UNITAR, UN-Habitat Forge Pact for Urban Development

Geneva, Switzerland - The United Nations Institute for Training and Research (UNITAR) and the United Nations Human Settlements Programme (UN-Habitat) have formalised a strategic partnership through a Memorandum of Understanding (MoU) signed on 16 January 2026 at UNITAR Headquarters in Geneva. The agreement was signed by Ms Michelle Gyles-McDonnough, Assistant Secretary-General and Executive Director of UNITAR, and Ms Anacláudia Rossbach, Under-Secretary-General and Executive Director of UN-Habitat.
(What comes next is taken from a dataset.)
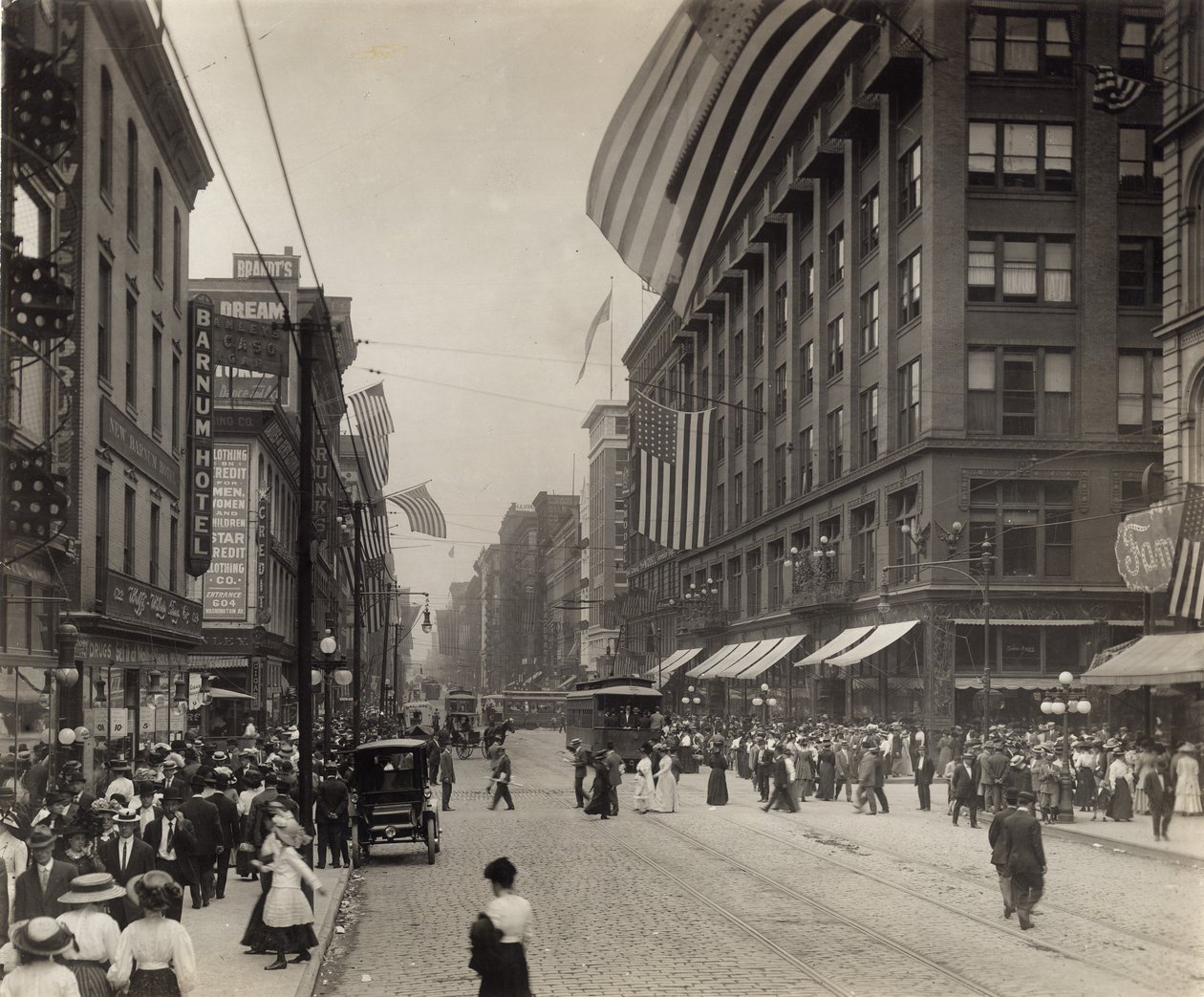 Washington Avenue a Hatodik utcától keletre nyugatra alkotó: Unknown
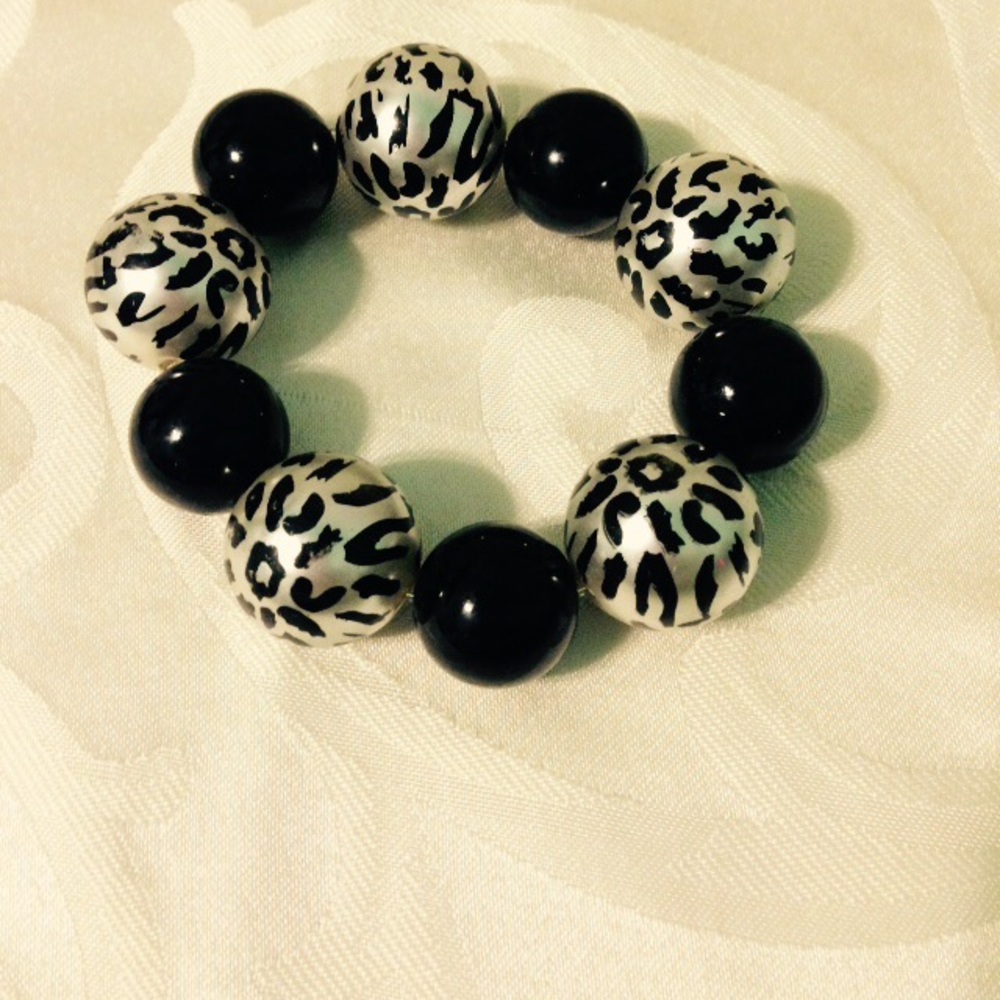New handmade black and silver stretchy bracelet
The partnership directly addresses a stark implementation gap: while 1.1 billion people live in informal settlements and 2.8 billion face inadequate housing, local governments often lack the technical tools, data, and trained personnel to respond effectively. By combining UNITAR's training infrastructure, which reached 161,000 local officials through 32 training centres in 2025, with UN-Habitat's urban development frameworks, the agreement creates specific delivery mechanisms for upgrading slums, improving water services, and localizing the Sustainable Development Goals.

Strategic Alignment for Urban Impact

The MoU brings together UN-Habitat's normative leadership on sustainable urban development with UNITAR's system-wide training and learning expertise. This collaboration directly supports both organisations' strategic priorities and responds to the UN80 reform agenda, calling for greater system-wide coherence and joint delivery at the local level.

UN-Habitat's Strategic Plan for 2026-2029 introduces a focused approach on access to adequate housing, land, and basic services for all, with particular attention to the transformation of informal settlements and slums. Current projections show that without major intervention, urban poverty will continue to concentrate in informal settlements, where infrastructure deficits leave residents vulnerable to climate impacts, disease, and displacement.

UNITAR trained more than 550,000 beneficiaries in 2025, with nearly one-third reached through its CIFAL Global Network of affiliated training centres, positioning the institute to scale UN-Habitat's technical guidance into municipal practice.